May 21, 2025
Report

Energy Services Interface: Architecture, Requirements, and Agreements

Abstract

This report continues and extends the development of the Energy Services Interface (ESI) that recently has been led by the U.S. Department of Energy’s Grid Modernization Laboratory Consortium. The ESI is intended to facilitate the coordination of multiple, flexible energy resources that work in tandem to satisfy grid objectives by using performance attributes encoded within an ESI Service Template. The ESI relies on a pair of interfaces, representing the service requestor (the consumer of a service) and a service provider (who manages its resources per the agreed performance attributes) to achieve what is commonly known as a “grid service”. Due to its performance-driven approach, the ESI is hypothesized to be able to satisfy all common grid needs via only six common ESI service types. This report first reviews the status of ESI development, including its fundamental tenets.
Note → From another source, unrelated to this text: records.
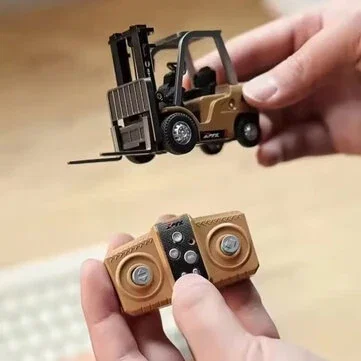 Z6750/Z6752/Z6753 RTR 1/64 2.4G Mini RC Car Alloy Forklift Excavator Dump Truck Support App Remote Controlled LED Light Sound Engineering Vehicle Two Speed Desktop Toys Model Collection Gift For Boys
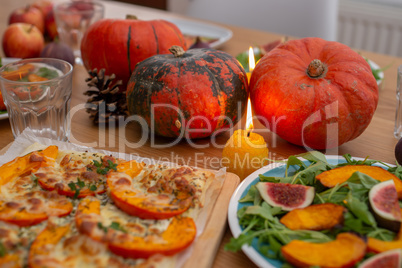 Festlich gedeckter Thanksgiving Tisch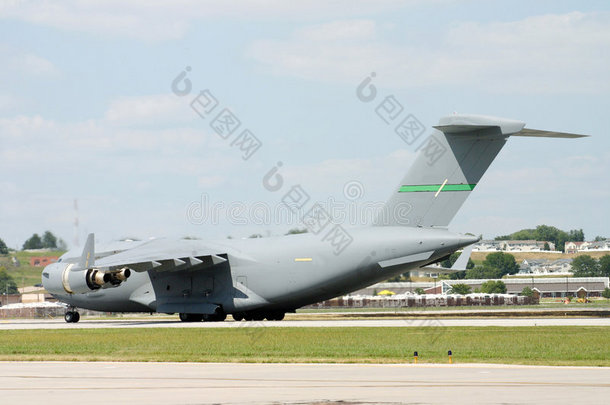 c-17在<strong>跑道上</strong>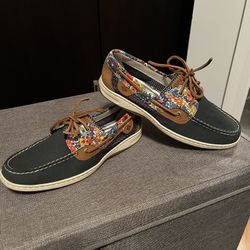 New Sperry top sider ladies shoes. Memory foam. Very comfortable. And very pretty. Beautiful flowery pattern, leather shoe lace and suede. Lots of nic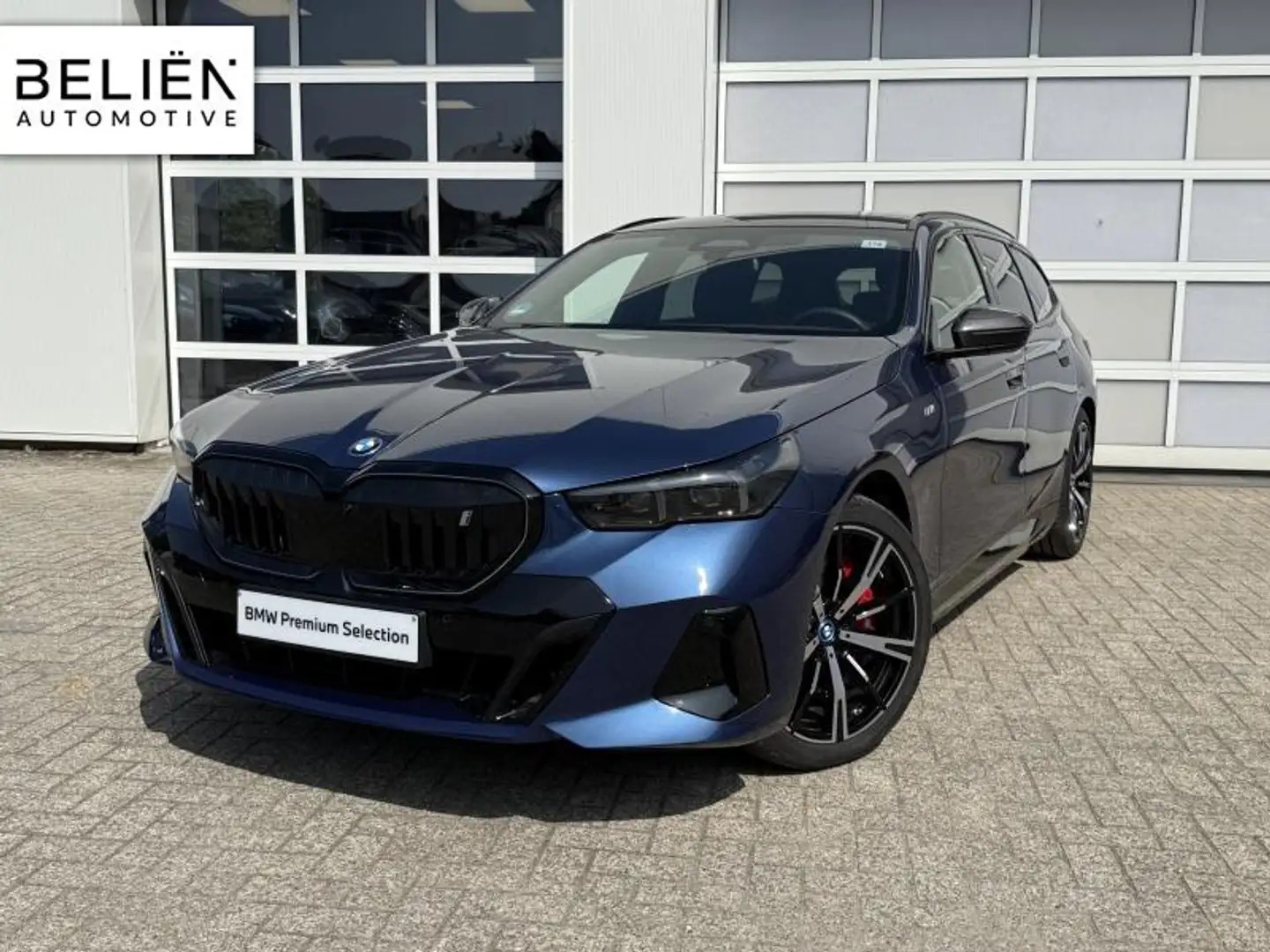 BMW i5 touring Kék - 1
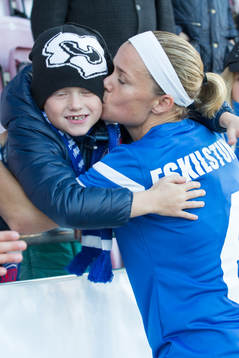 Eskilstuna Uniteds Sara Thunebro ser om familjen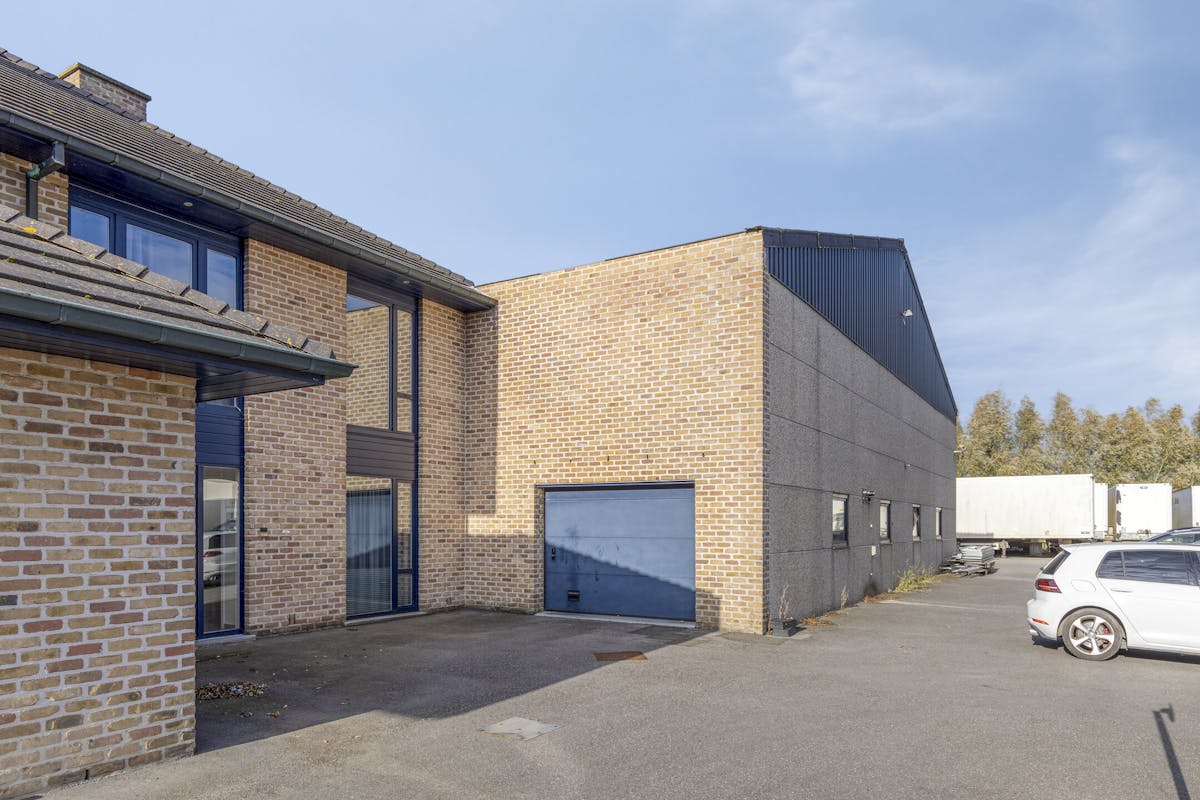 Entrepôt (400 m²) avec maison spacieuse (229 m²) - photo 2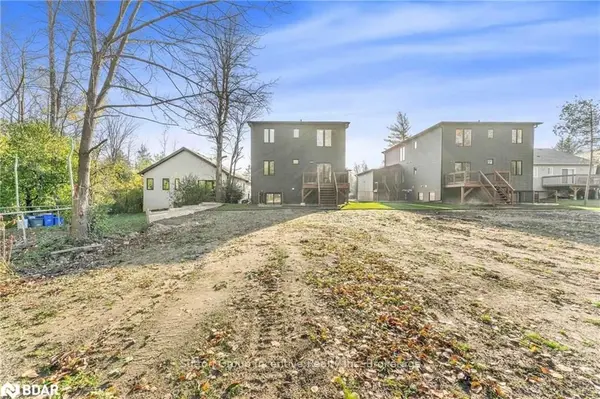 Wasaga Beach, ON L9Z 2Y1,52 Marilyn AVE S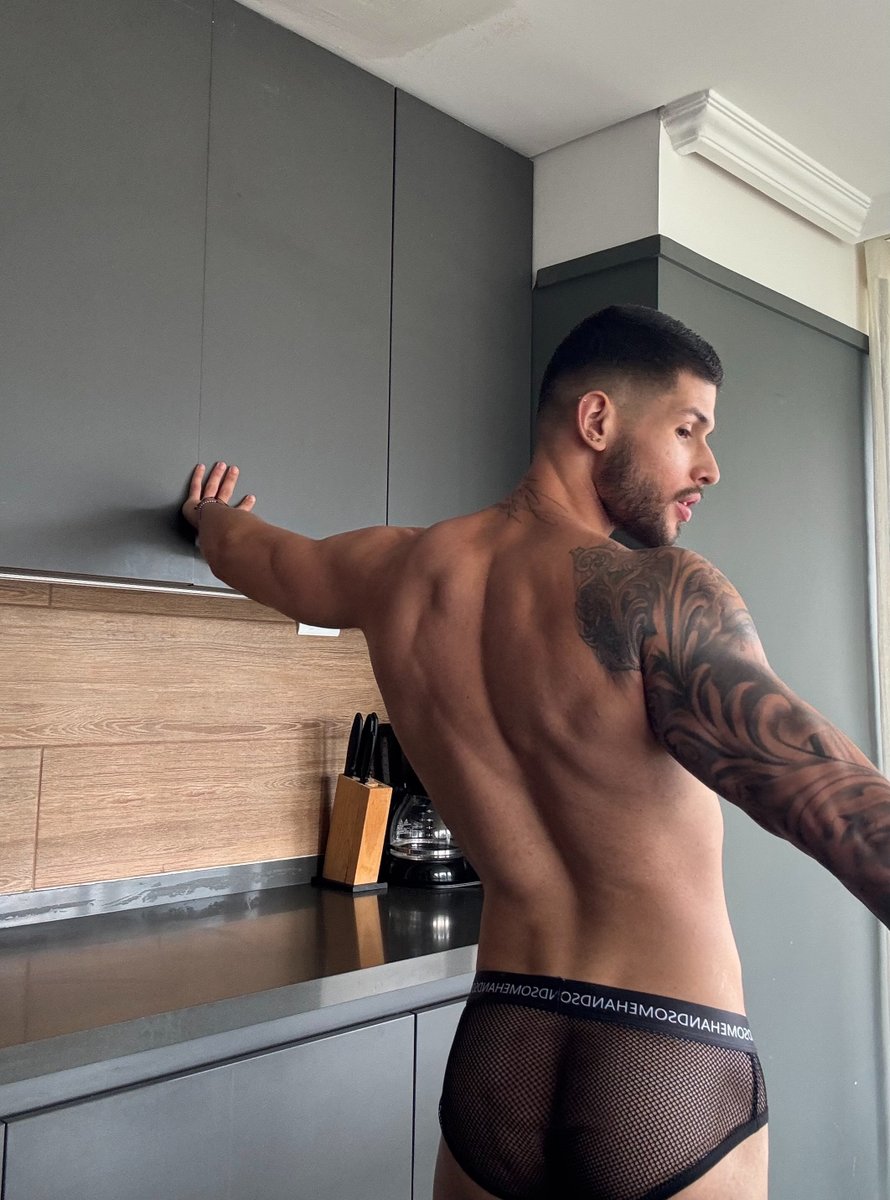 Santos tweet media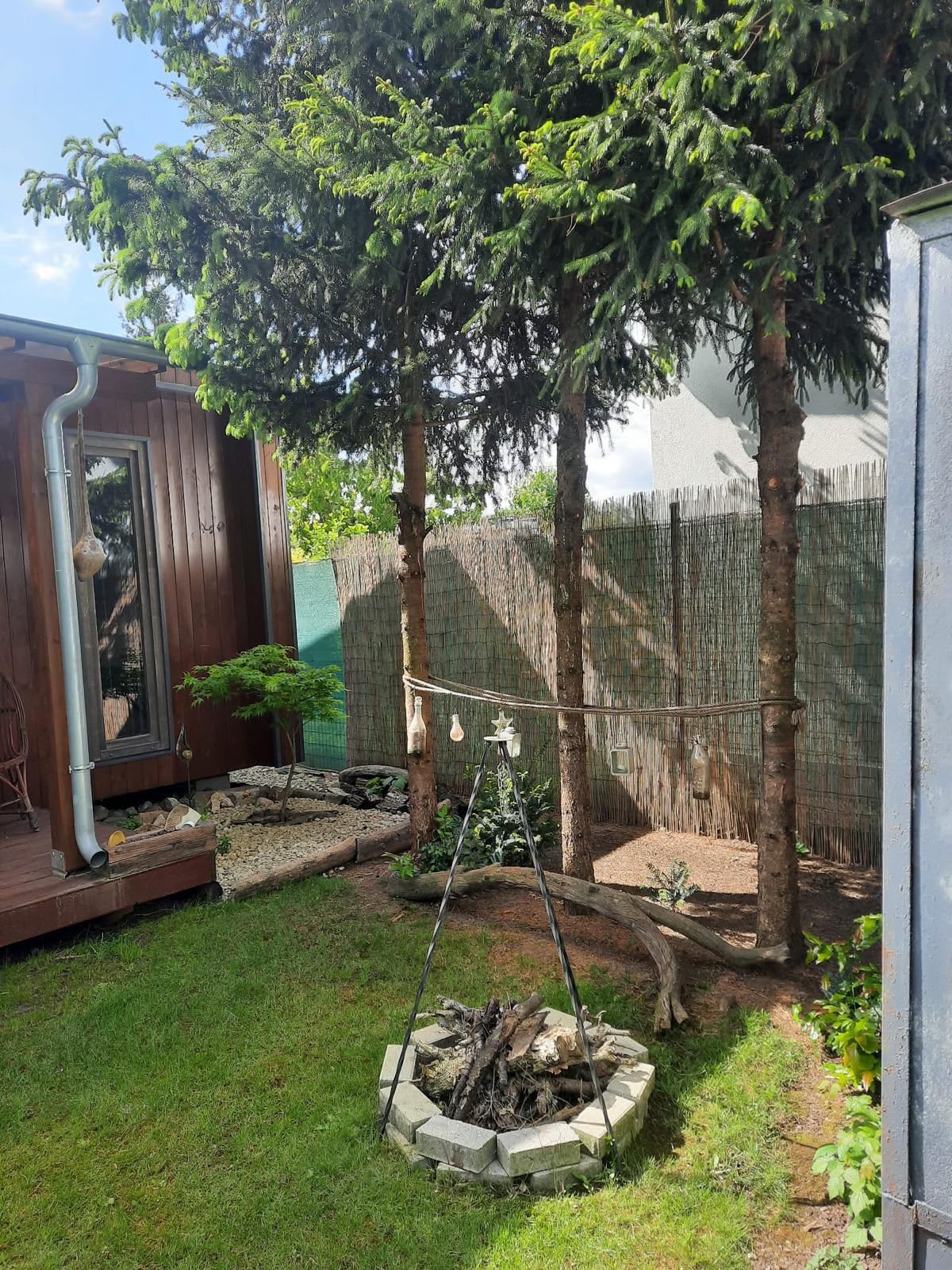 Predám slnečný pozemok v lokalite Dlhá nad Váhom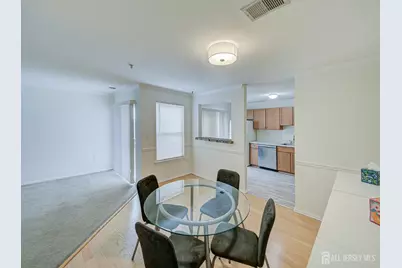 518 Great Beds Court, Perth Amboy, NJ 08861 - Photo 6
The report makes three important contributions to ESI development: First, it recognizes the similarity between service level agreements and the contract-like agreements that would be needed between energy service requestors and providers and recommends that ESI service agreements be modeled after the web services agreement specification. Second, whereas prior development efforts had focused on a flat, five-stage lifecycle, this report asserts that the ESI should have three behavioral layers in its architecture—the discovery, agreement, and service layers. Finally, this report offers concrete requirements that should be useful toward the development of the service requestors’ and service providers’ respective communications interfaces.

Published: May 21, 2025

Citation

Hammerstrom D.J., D.J. Sebastian Cardenas, and J.T. Kolln. 2024. Energy Services Interface: Architecture, Requirements, and Agreements Richland, WA: Pacific Northwest National Laboratory.